# Task prompt
Without the pictures, set down everything in the listing exactly.
[Task input]
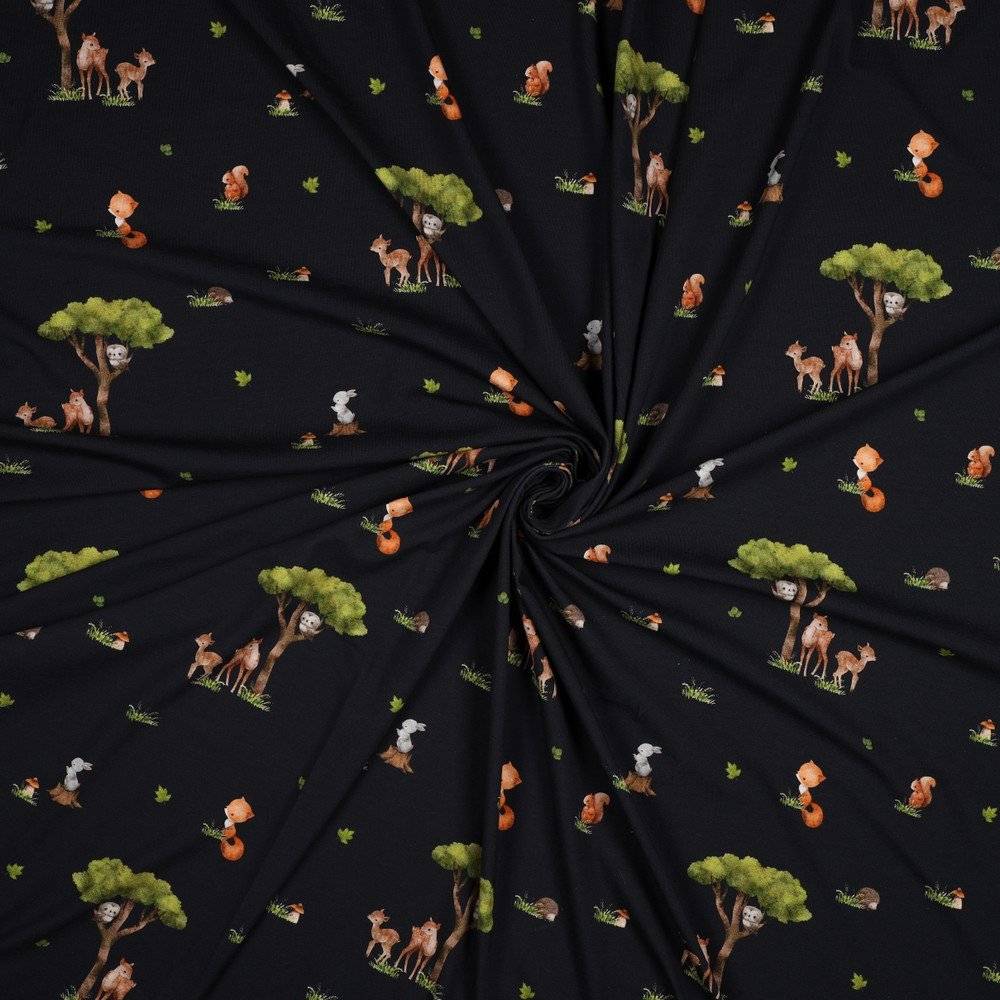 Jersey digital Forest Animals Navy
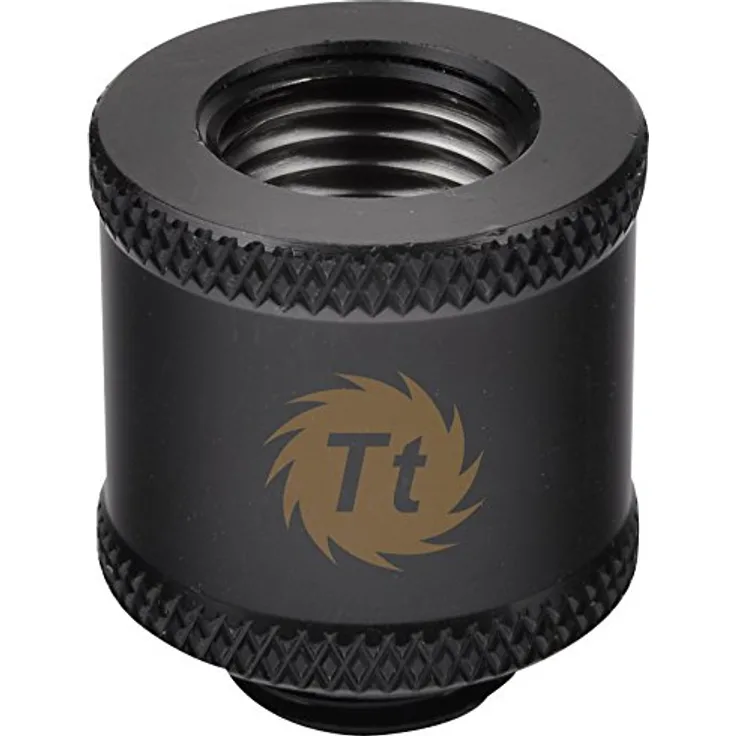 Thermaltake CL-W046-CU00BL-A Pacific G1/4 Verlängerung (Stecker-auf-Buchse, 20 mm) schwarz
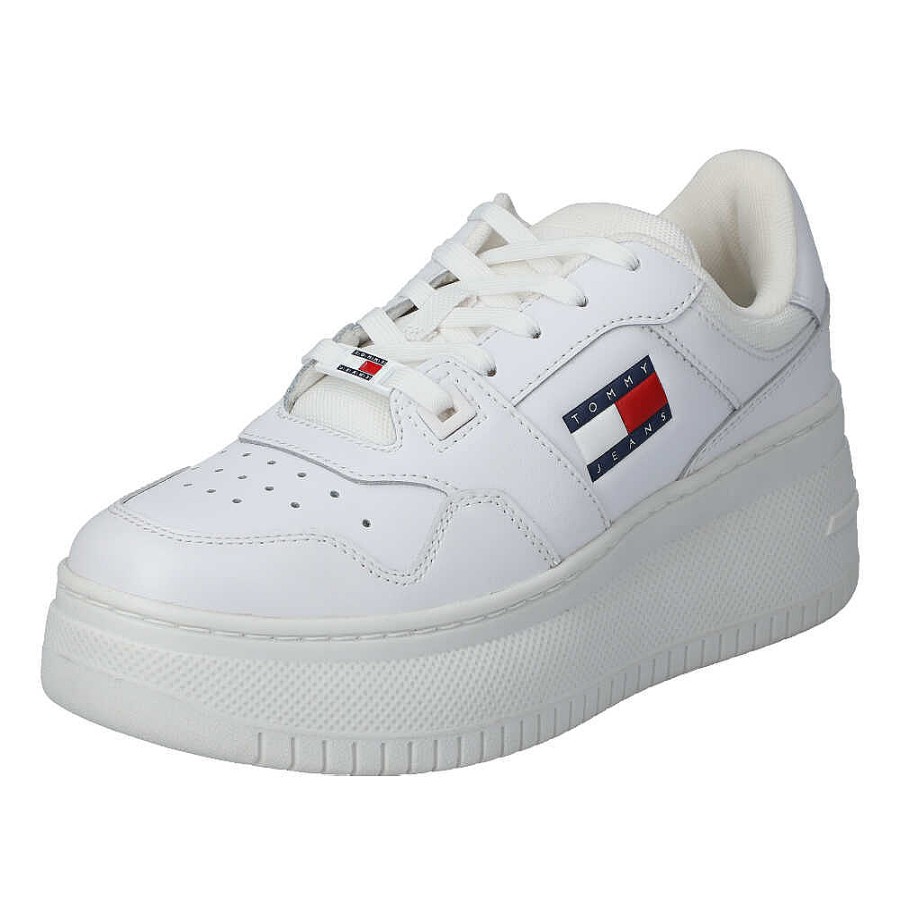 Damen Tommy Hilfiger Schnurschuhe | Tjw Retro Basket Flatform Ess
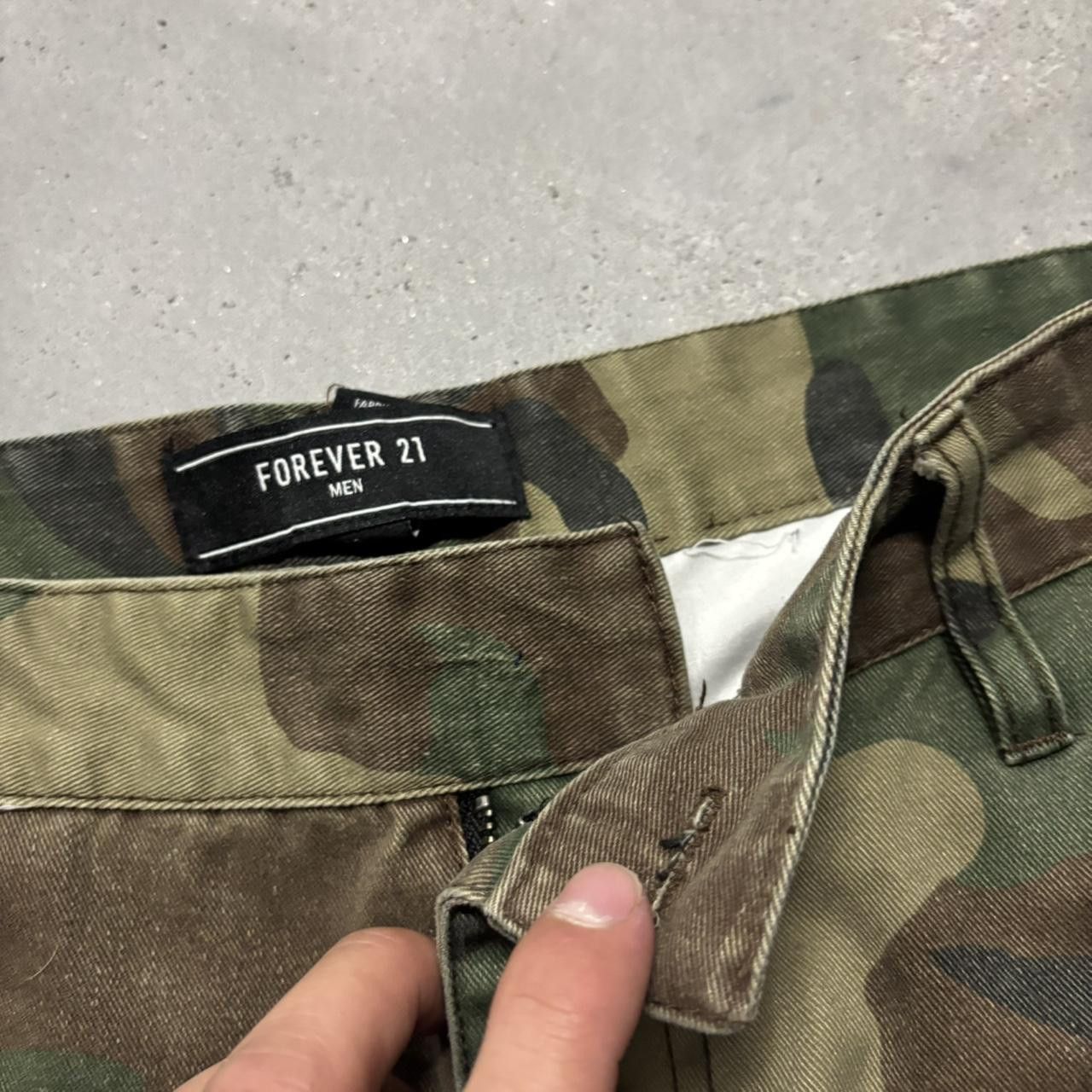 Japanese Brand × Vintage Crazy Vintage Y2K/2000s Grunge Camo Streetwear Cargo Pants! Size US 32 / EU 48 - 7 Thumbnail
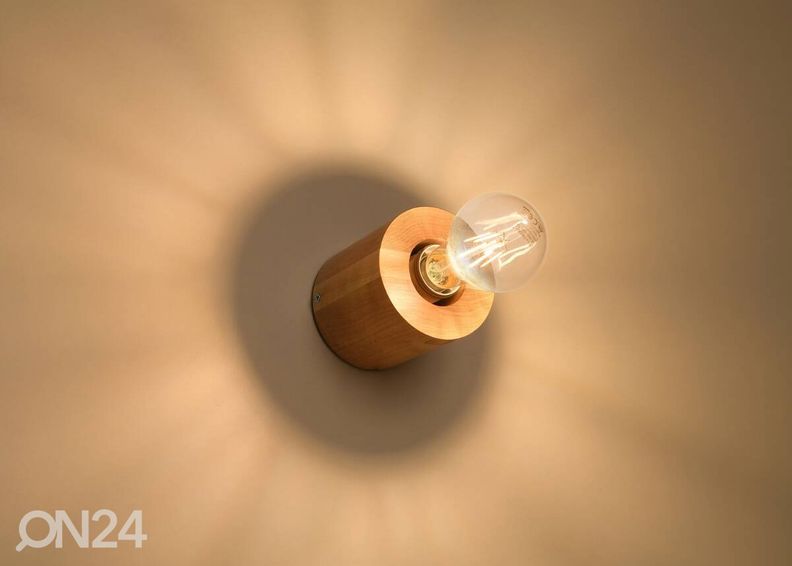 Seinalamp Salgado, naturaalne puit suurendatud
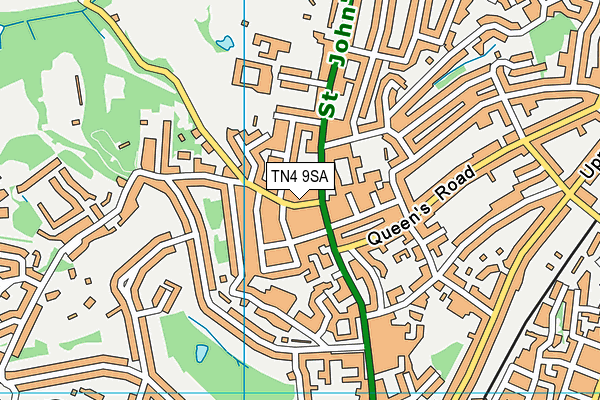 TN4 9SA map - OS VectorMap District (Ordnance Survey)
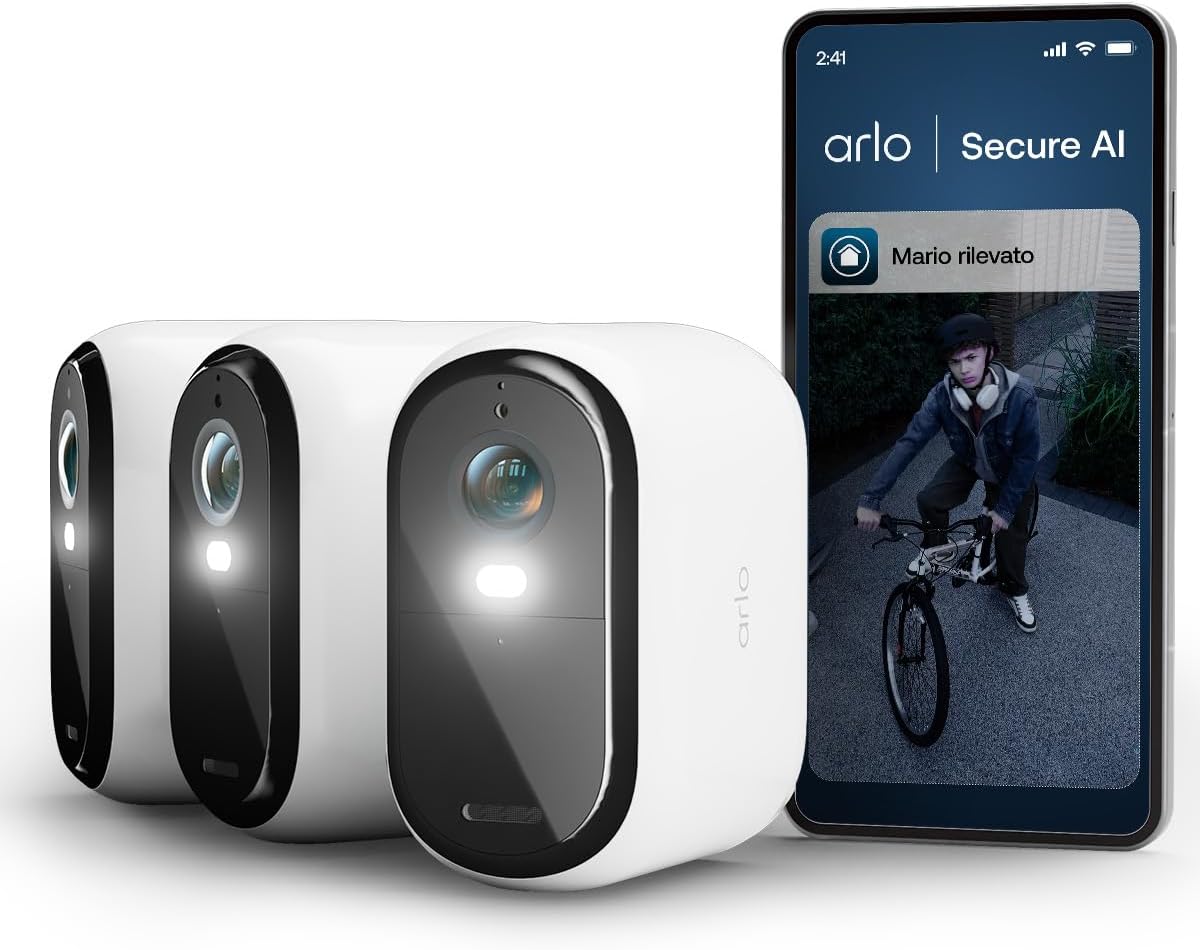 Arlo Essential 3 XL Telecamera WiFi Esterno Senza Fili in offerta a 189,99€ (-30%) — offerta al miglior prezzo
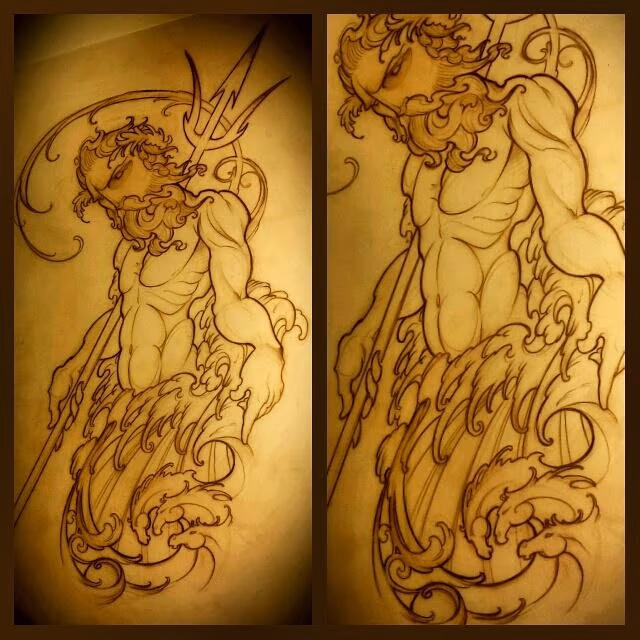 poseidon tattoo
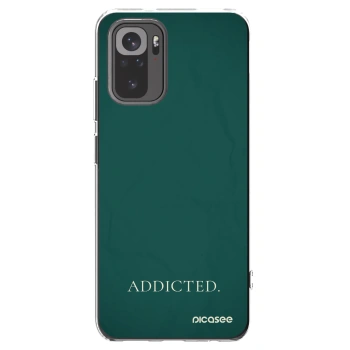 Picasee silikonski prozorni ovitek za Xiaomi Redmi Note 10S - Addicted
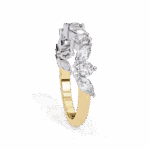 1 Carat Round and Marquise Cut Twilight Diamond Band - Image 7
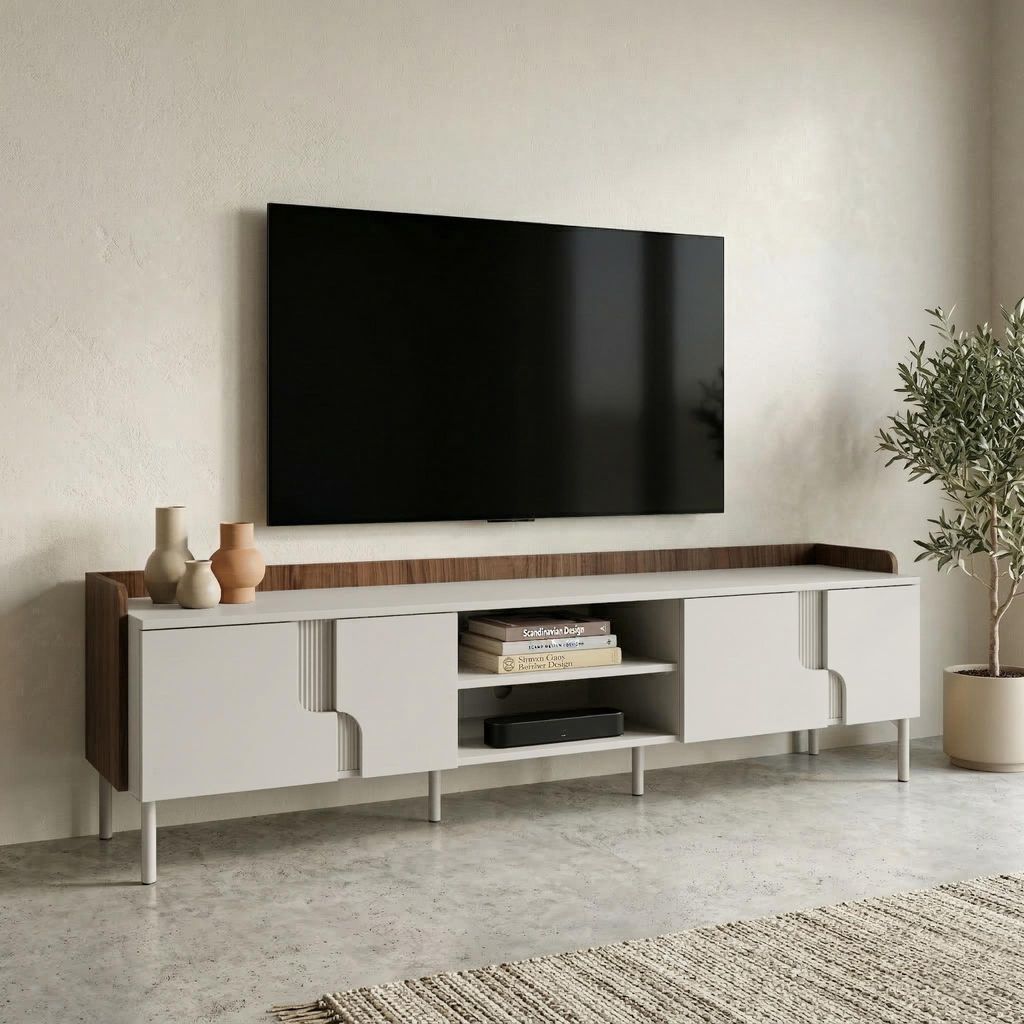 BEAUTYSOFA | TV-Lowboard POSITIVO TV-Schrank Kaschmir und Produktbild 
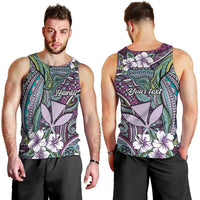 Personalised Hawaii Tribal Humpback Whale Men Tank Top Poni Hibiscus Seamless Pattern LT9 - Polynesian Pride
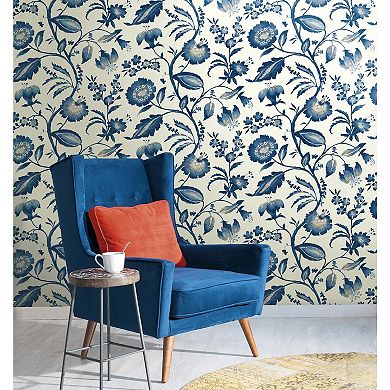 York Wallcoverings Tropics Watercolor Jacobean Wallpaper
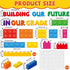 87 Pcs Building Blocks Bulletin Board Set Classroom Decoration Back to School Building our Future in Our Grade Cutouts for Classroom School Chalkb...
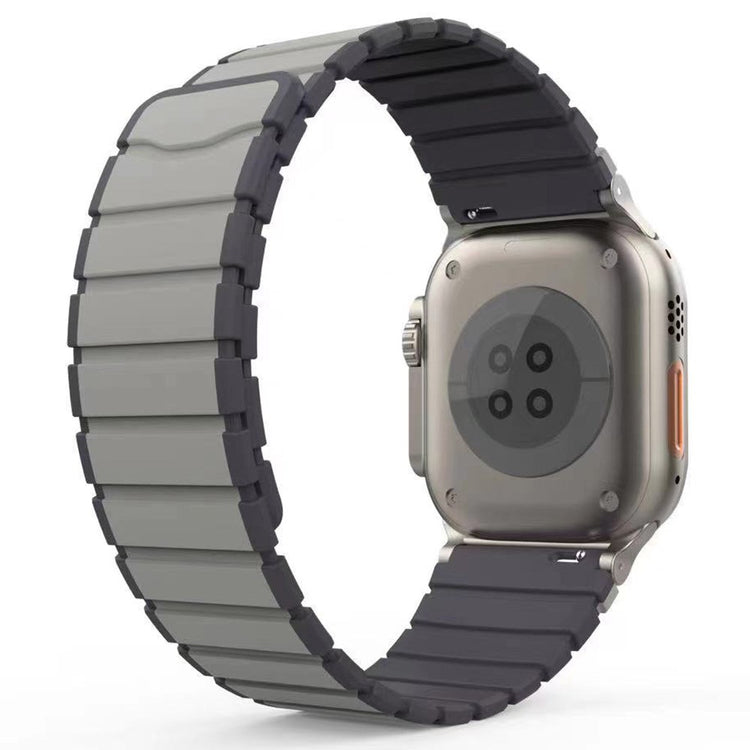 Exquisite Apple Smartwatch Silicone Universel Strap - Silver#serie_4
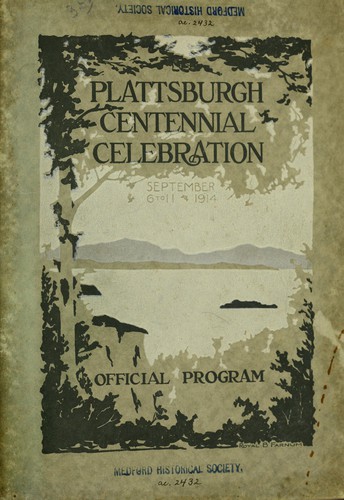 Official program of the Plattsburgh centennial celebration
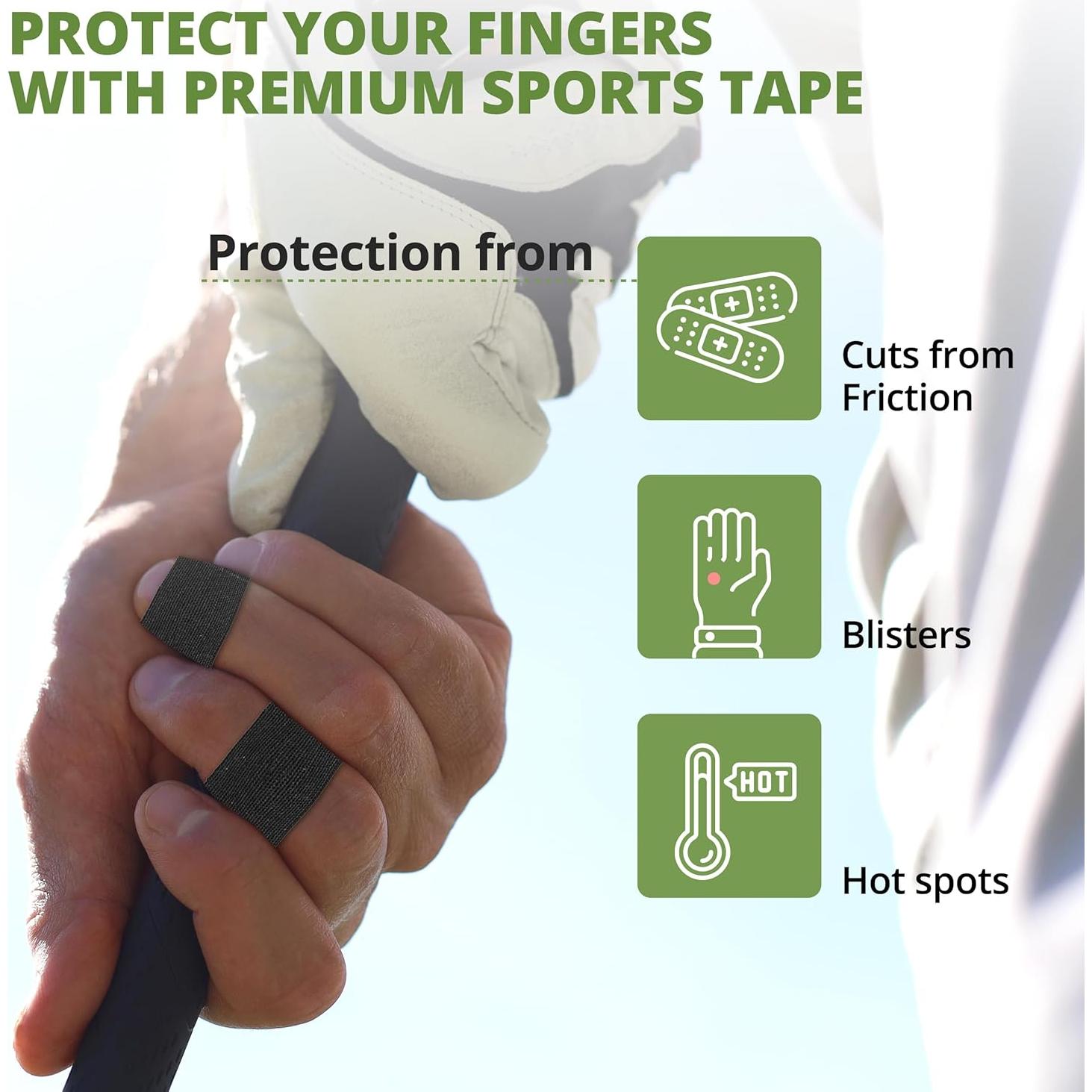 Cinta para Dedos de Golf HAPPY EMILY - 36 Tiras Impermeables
[/Task input]
# Result of the exercise
 Jersey digital Forest Animals Navy
 Thermaltake CL-W046-CU00BL-A Pacific G1/4 Verlängerung (Stecker-auf-Buchse, 20 mm) schwarz
 Damen Tommy Hilfiger Schnurschuhe | Tjw Retro Basket Flatform Ess
 Japanese Brand × Vintage Crazy Vintage Y2K/2000s Grunge Camo Streetwear Cargo Pants! Size US 32 / EU 48 - 7 Thumbnail
 Seinalamp Salgado, naturaalne puit suurendatud
 TN4 9SA map - OS VectorMap District (Ordnance Survey)
 Arlo Essential 3 XL Telecamera WiFi Esterno Senza Fili in offerta a 189,99€ (-30%) — offerta al miglior prezzo
 poseidon tattoo
 Picasee silikonski prozorni ovitek za Xiaomi Redmi Note 10S - Addicted
 1 Carat Round and Marquise Cut Twilight Diamond Band - Image 7
 BEAUTYSOFA | TV-Lowboard POSITIVO TV-Schrank Kaschmir und Produktbild 
 Personalised Hawaii Tribal Humpback Whale Men Tank Top Poni Hibiscus Seamless Pattern LT9 - Polynesian Pride
 York Wallcoverings Tropics Watercolor Jacobean Wallpaper
 87 Pcs Building Blocks Bulletin Board Set Classroom Decoration Back to School Building our Future in Our Grade Cutouts for Classroom School Chalkb...
 Exquisite Apple Smartwatch Silicone Universel Strap - Silver#serie_4
 Official program of the Plattsburgh centennial celebration
 Cinta para Dedos de Golf HAPPY EMILY - 36 Tiras Impermeables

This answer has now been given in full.